··· Data supplied ···

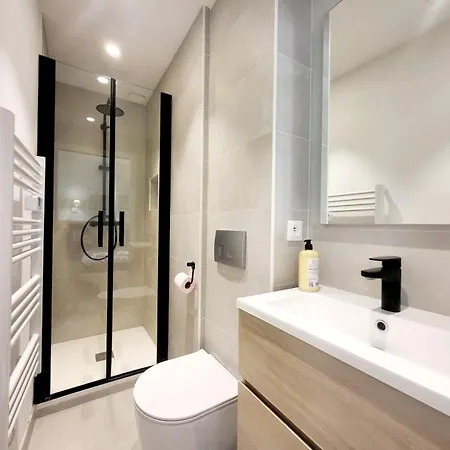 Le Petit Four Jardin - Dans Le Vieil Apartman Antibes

···
··· Data supplied ···

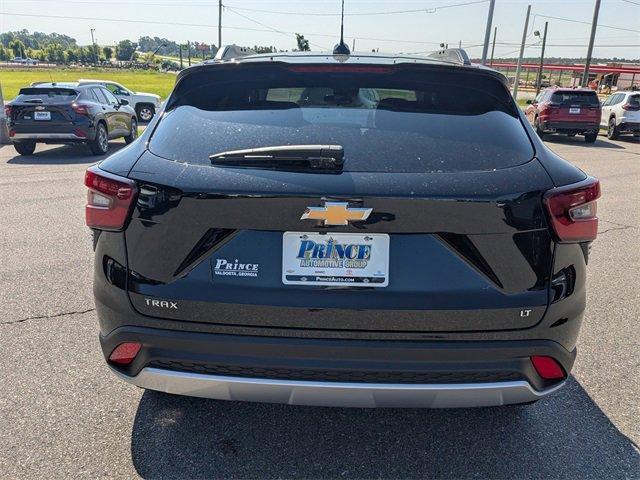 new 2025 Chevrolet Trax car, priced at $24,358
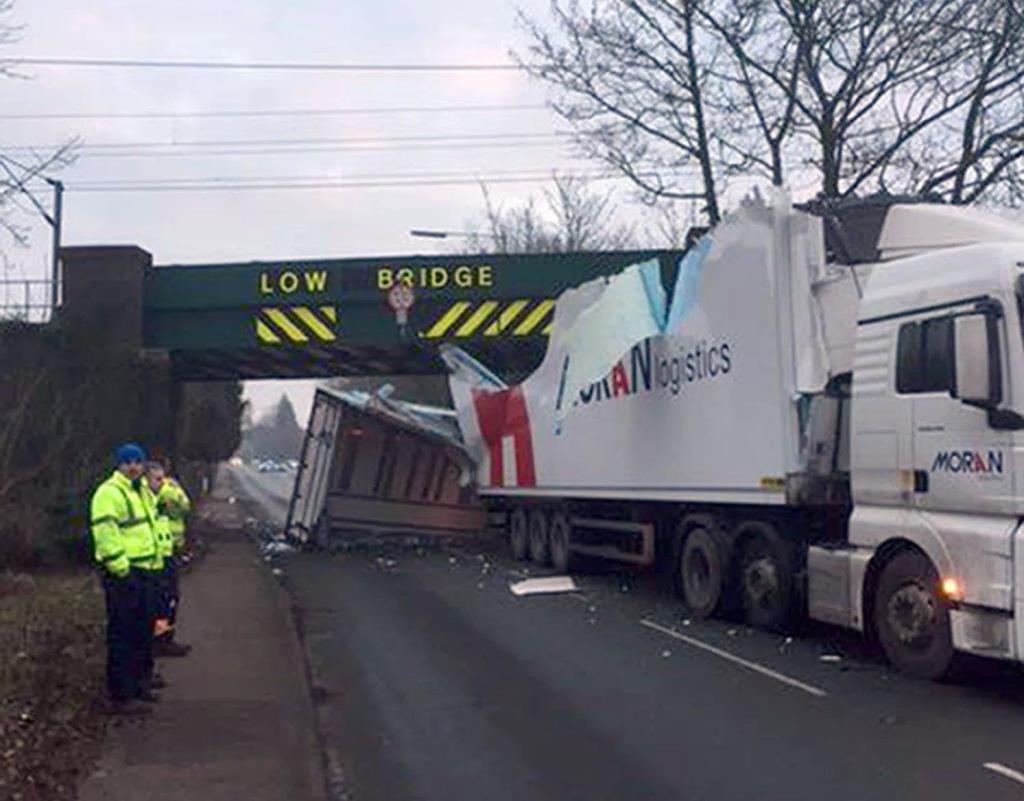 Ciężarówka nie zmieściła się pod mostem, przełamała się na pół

···
··· Data supplied ···

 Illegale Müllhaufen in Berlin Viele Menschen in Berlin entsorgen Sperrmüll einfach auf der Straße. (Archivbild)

···

▶ _Requirement_:
Reproduce the lines above starting at the one with "new 2025 Chevrolet" and ending at the one with "Ciężarówka nie zmieściła", both included, exactly and with no pictures.

▶ _Task response_:
 new 2025 Chevrolet Trax car, priced at $24,358
 Ciężarówka nie zmieściła się pod mostem, przełamała się na pół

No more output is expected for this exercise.